The “First Walk” in the text is introductory—I doubt that any walking was involved. In the “Second Walk,” Rousseau claims that the book he is writing will be “a faithful record of my solitary walks and the reveries that fill them when I let my mind wander quite freely and my ideas follow their own course unhindered and untroubled” (11). He explains why solitude and meditation are important to him: “These hours of solitude and meditation are the only time of the day when I am completely myself, without distraction or hindrance, and when I can truly say that I am what nature intended me to be” (11). He is old, though, and his imagination less vigorous than it used to be, and so “now there is more recollection than creation in what my imagination produces, an apathetic listlessness saps all my faculties, and the spirit of life is gradually dying within me”; therefore, he decides to remember an earlier time when, “losing all hope here on earth and finding no more sustenance left on earth for my heart, I gradually became used to feeding it with its own substance and seeking out its nourishment within me” (11). That practice, he continues, 

proved so fruitful that it was soon enough to compensate me for everything. The habit of turning in on myself eventually made me insensible to my suffering, and almost made me forget it altogether, and so I learnt through my own experience that the source of true happiness is within us and that it is not within men’s ability to make anyone truly wretched who is determined to be happy. (11)
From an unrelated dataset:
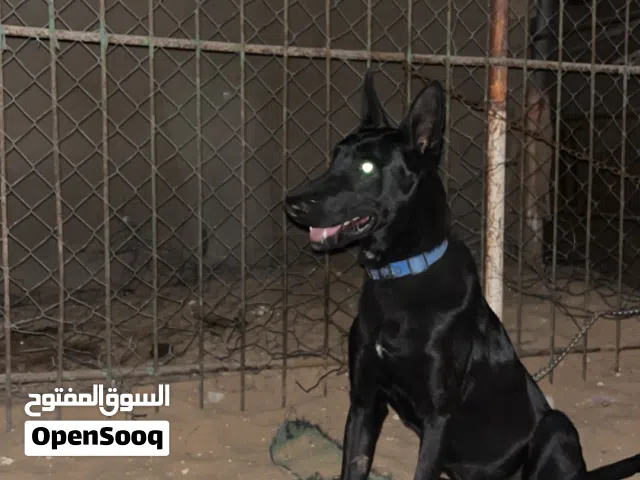 كلب Belgian Malinois صافي، لون أسود نادر.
There is a sense here that, given his experiences, solitary and meditative walking is essential to Rousseau’s happiness, and that without them he would be miserable.

Rousseau writes about an afternoon walk into the country, during which he looked at and catalogued plants and thought about the approaching winter: 

I recalled with fondness all my heart’s affections, its attachments which had been so tender and yet so blind, and the ideas—more comforting than they were sad—which had nourished my mind for a number of years, and I prepared myself to remember them clearly enough to be able to describe them with a pleasure that was almost equal to the pleasure of experiencing them in the first place. (13)
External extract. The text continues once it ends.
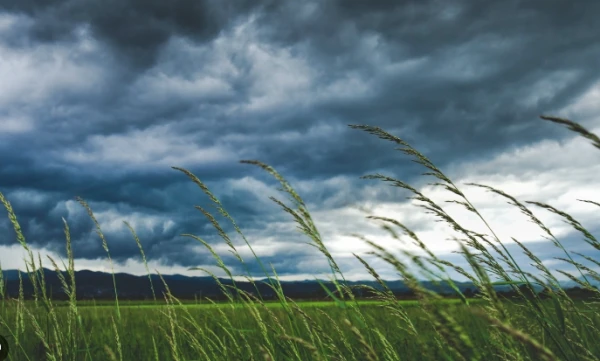 Изображение к статье: Ой! Синоптики предупредили о погоде в Латвии в субботу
As he was walking home, however, he was knocked down by a Great Dane that was running ahead of a carriage: “It was almost night when I regained consciousness. I found myself in the arms of three or four young men who told me what had just happened”: the coachman stopped the carriage, otherwise Rousseau would have been run over (13-14). Despite his injuries, the moments when he was coming back to himself were delightful, partly because he was removed from himself:

Night was falling. I saw the sky, a few stars, and a little greenery. This first sensation was a moment of delight. It alone gave me some feeling of myself. In that instant I was born into life, and it seemed to me as if I was filling all the things I saw with my frail existence. Entirely taken up by that moment, I could not remember anything else; I had no clear sense of myself as an individual, nor the slightest idea of what had just happened to me; I did not know who I was nor where I was; I felt neither pain nor fear nor anxiety. I watched my blood flowing as if I were watching a stream, without even thinking that this blood was in any way part of me. Throughout my whole being I felt a wonderful calm with which, whenever I think of it, I can find nothing to compare in the whole realm of known pleasures. (14)
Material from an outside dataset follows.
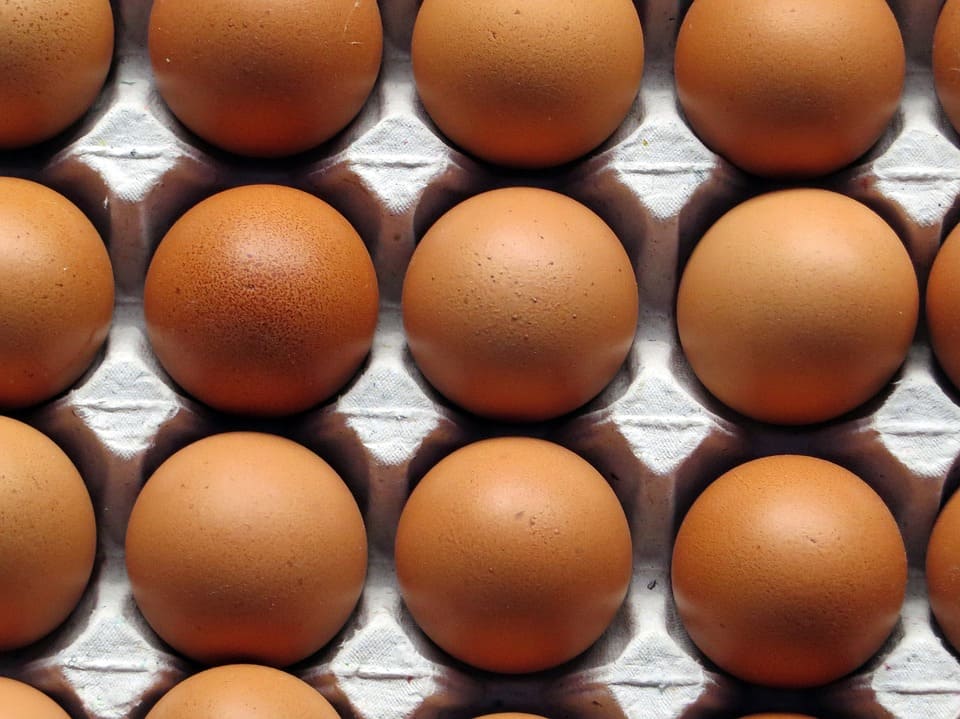 COMMUNIQUÉ – Keendoo optimise la traçabilité des produits agro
When he finally arrived home, his wife cried over his appearance; his top lip was split open, and his face swollen and bruised; his left thumb was injured, his left arm sprained, and his left knee swollen and stiff; but he had not lost any teeth (15). As a sign of the ongoing persecution he experienced, rumours immediately spread across Paris that he had been disfigured and was now unrecognizable (16). Rumours of his death are printed in a newspaper (18). For Rousseau, the success of the plots against him seemed to be “one of Heaven’s secrets, impenetrable to human reason,” and this idea consoled and calmed him, and helped him to a feeling of resignation (19).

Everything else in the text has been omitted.